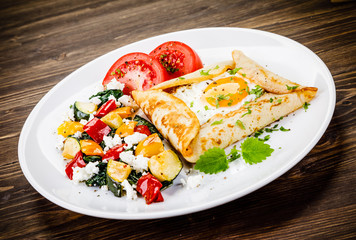 Crepes with eggs on wooden background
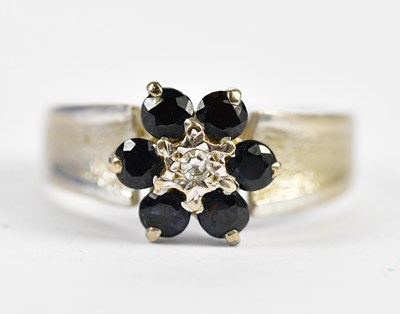 Lot 207 - An 18ct yellow gold flower head ring set with...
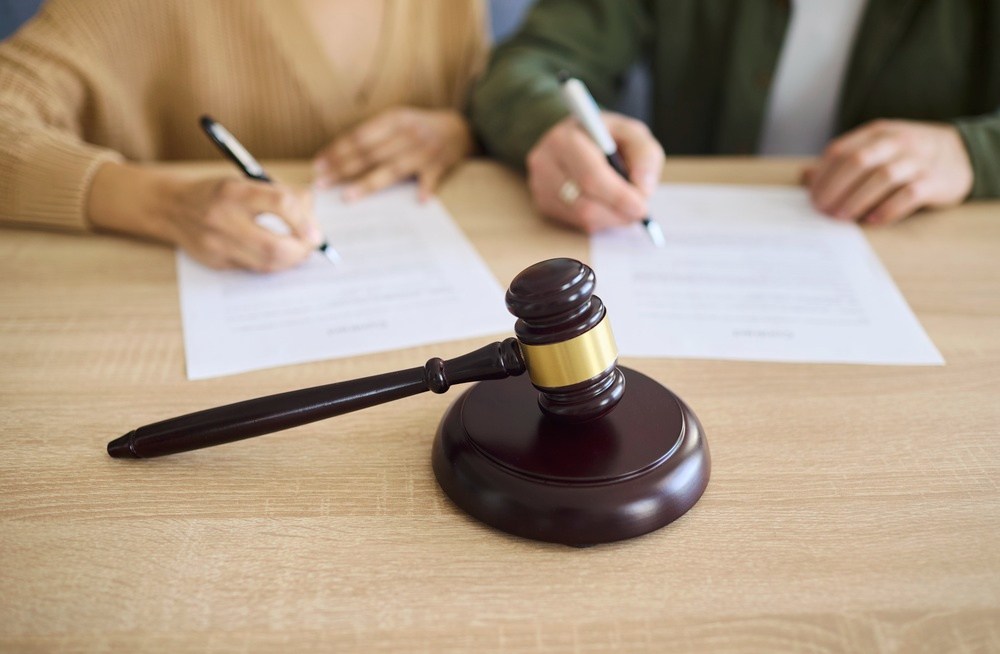Signing mortgage and property documents as part of an Arizona divorce settlement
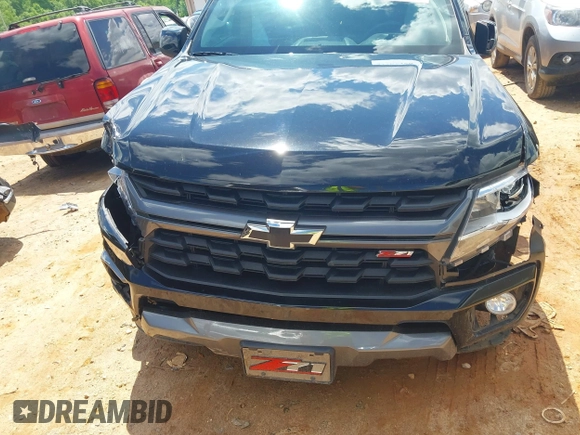 2022 Chevrolet Colorado 4WD Z71 z VIN 1GCGTDEN5N1327500, wystawiony jako IAAI lot #42265450 z przebiegiem 48 680 mil mil oraz . Historia ofert i sprzedaży dostępna na DreamBid. Obrazek 12.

PROBLEM DESCRIPTION: Your answer should reproduce every line of the data verbatim and include no images.

TASK SOLUTION:
 Crepes with eggs on wooden background
 Lot 207 - An 18ct yellow gold flower head ring set with...
Signing mortgage and property documents as part of an Arizona divorce settlement
 2022 Chevrolet Colorado 4WD Z71 z VIN 1GCGTDEN5N1327500, wystawiony jako IAAI lot #42265450 z przebiegiem 48 680 mil mil oraz . Historia ofert i sprzedaży dostępna na DreamBid. Obrazek 12.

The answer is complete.